### [AIM OF THE TASK]
The answer must reproduce exactly the lines from the one with "Next, I'll calculate" through the end of the material, and it must contain no pictures.

### [INFORMATION PROVIDED]
________________________________________

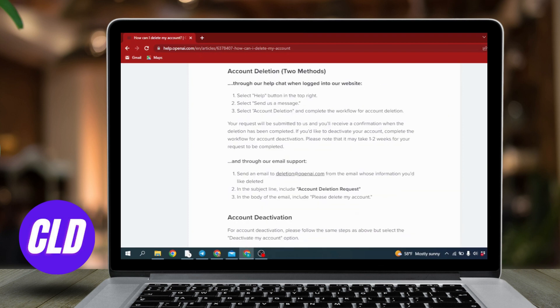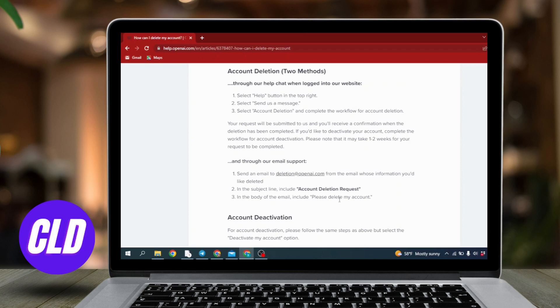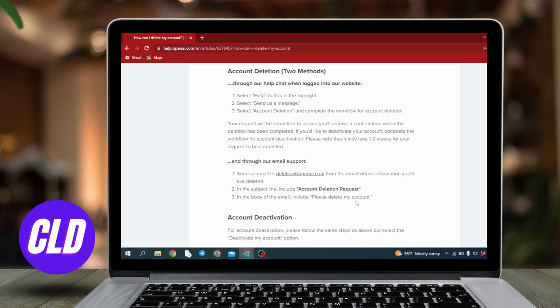I would like to suggest the second option by using email support. You just have to send email to deletion@openai.com. In the subject line you should include account deletion request and in the body of the email you have to include please delete my account. You have to make sure you are sending this email through the mail that is linked with your Chat GPT account. In this way you can easily delete your Chat GPT account. After some days or weeks your Chat GPT account will be deleted.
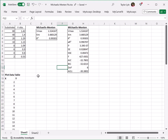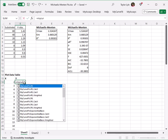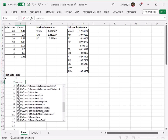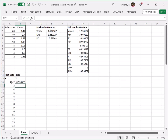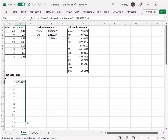Next, I'll calculate the Y values corresponding to these X values by entering equals MyCurveFit and selecting the Michaelis-Menten CalcY option. I'll select the Vmax and Km values and press F4 to add dollar signs to denote this selection as an absolute reference. Next, I'll select the X value and press Enter. Because I designated the calculated parameters as an absolute reference, I can drag this formula down the remainder of the plot data table.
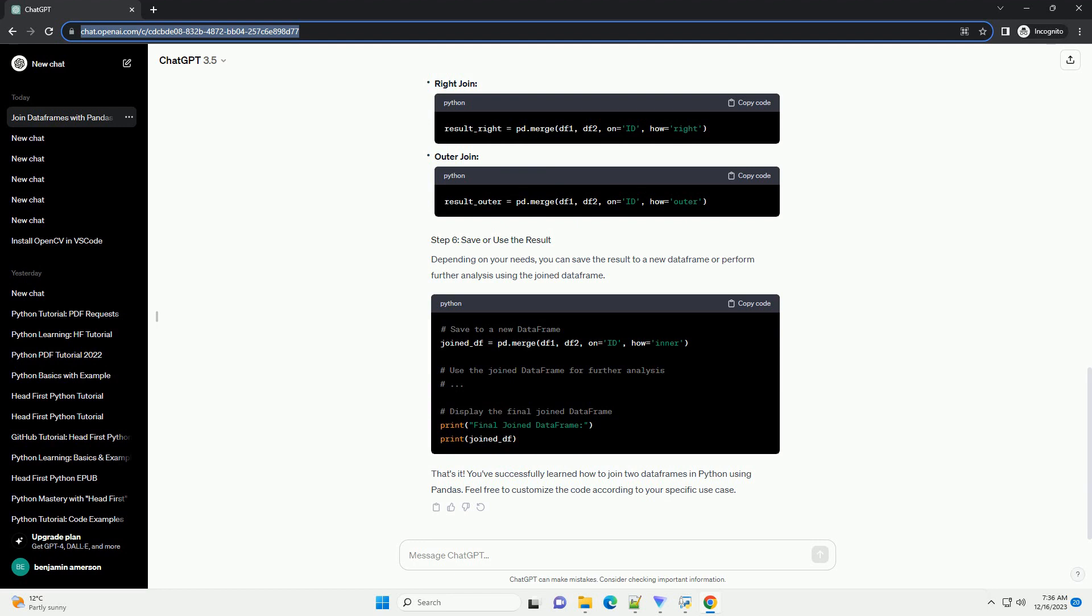In this example, we're using the id column as the key to join the data frames, and we specify how equals inner to perform an inner join.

________________________________________

### [EXERCISE SOLUTION]
Next, I'll calculate the Y values corresponding to these X values by entering equals MyCurveFit and selecting the Michaelis-Menten CalcY option. I'll select the Vmax and Km values and press F4 to add dollar signs to denote this selection as an absolute reference. Next, I'll select the X value and press Enter. Because I designated the calculated parameters as an absolute reference, I can drag this formula down the remainder of the plot data table.
In this example, we're using the id column as the key to join the data frames, and we specify how equals inner to perform an inner join.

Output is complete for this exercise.